Darin seien sich alle Bundestagsparteien einig, betonte Stern. „Seit die Grünen 1998 im Kosovo den ersten deutschen Kampfeinsatz seit dem Ende des Zweiten Weltkriegs organisiert haben, unterstützen sie auch als Oppositionspartei jeden Auslandseinsatz der Bundeswehr.“ Auch die Linkspartei sei seit langem Kriegspartei im Nahen Osten und trommele nun aggressiv für eine eigenständigere deutsch-europäische Außenpolitik, um die eigenen imperialistischen Interessen notfalls auch gegen die USA durchzusetzen.

Gestützt auf Leo Trotzkis Schriften zur nationalen Bourgeoisie Chinas in den 1920er Jahren analysierte Stern auch den reaktionären Charakter des iranischen Regimes. Dies stelle kein Gegengewicht zur imperialistischen Kriegstreiberei dar, sondern suche verzweifelt einen Deal mit dem Imperialismus.

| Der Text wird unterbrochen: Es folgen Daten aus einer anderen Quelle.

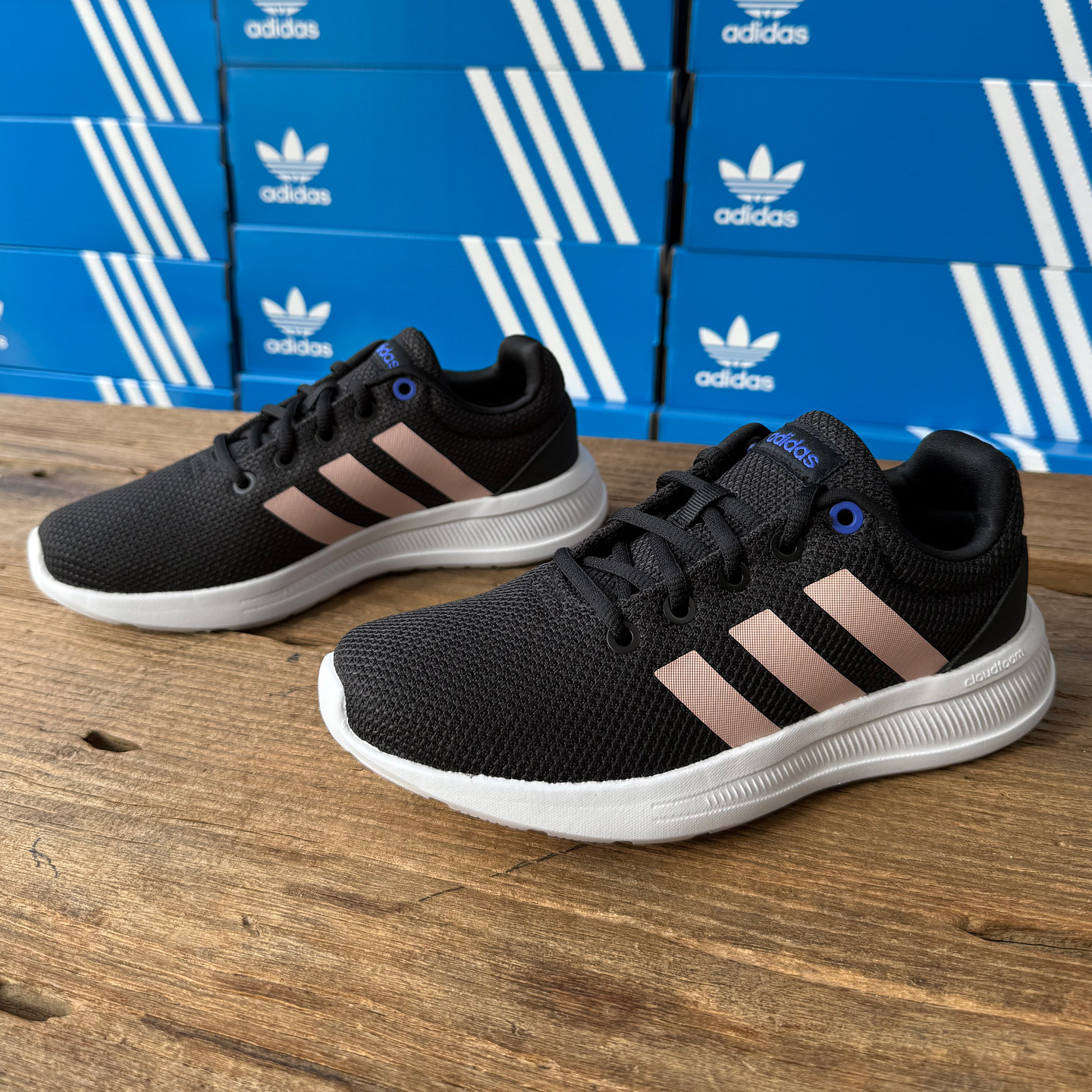 Adidas阿迪达斯 LITE RACER 女款防滑耐磨透气休闲运动鞋GZ2818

Die Drohungen Trumps und der europäischen Mächte von außen und die wachsende soziale und politische Opposition unter Arbeitern und Jugendlichen im Inneren würden diese Tendenz nur verstärken.

Der Kampf gegen Krieg müsse von der Arbeiterklasse ausgehen, die als revolutionäre gesellschaftliche Kraft alle fortschrittlichen Teile der Bevölkerung hinter sich vereint, fasste Stern die Prinzipien des Internationalen Komitees der Vierten Internationale für den Aufbau einer neuen Antikriegsbewegung zusammen: „Sie muss sich gegen die Wurzel des Kriegs richten: den Kapitalismus, sie braucht ein unabhängiges sozialistisches Programm und sie muss international sein und dem Imperialismus in einem vereinten globalen Kampf die enorme Kraft der Arbeiterklasse entgegenstellen.“

In einer beeindruckenden Chronologie zeigte Stern am Ende seines Beitrags auf, wie sich der internationale Klassenkampf allein im letzten Jahr enorm entwickelt hat. Massenproteste und Streiks hätten in Ländern auf fast allen Kontinenten stattgefunden: u.a. in Marokko, Tunesien, Jordanien, Nicaragua, Honduras, Sudan, Algerien, Simbabwe, Hongkong, Puerto Rico, Ägypten, Frankreich, Chile, Libanon sowie im Irak und Iran selbst. Die entscheidende Aufgabe sei es, diese objektive revolutionäre Kraft unabhängig zu organisieren und mit einem sozialistischen Programm zu bewaffnen.

Die Perspektive stieß auf große Resonanz und es entwickelte sich eine lange und intensive Diskussion über den Vortrag. Die Fragen reichten vom revolutionären Potential der Arbeiterklasse über historische Ereignisse bis hin zur Frage ob eine Partei notwendig sei, um den Kapitalismus zu stürzen. Zwei Teilnehmer warfen die Frage auf, ob nicht auch der Iran ein imperialistisches Land sei und es mit Soleimani nicht „den Richtigen“ getroffen habe. Ihnen wurde geantwortet, dass sie damit der imperialistischen Kriegspolitik das Wort redeten. Der Iran sei ein historisch unterdrücktes Land und die Position von Marxisten sei es, imperialistische Gewalttaten prinzipiell abzulehnen und scharf zu verurteilen.

Im Anschluss an den offiziellen Teil der Veranstaltung wurden die Diskussionen noch lange am Büchertisch fortgesetzt und viele Teilnehmer registrierten sich als neue Mitglieder bzw. Wahlkampfhelfer der IYSSE. Die meisten kündigten an, auch die nächste Veranstaltung zu besuchen. Sie findet am kommenden Dienstag unter dem Titel: „75 Jahre nach dem 2. Weltkrieg: Wie Krieg und Faschismus vorbereitet werden“ statt.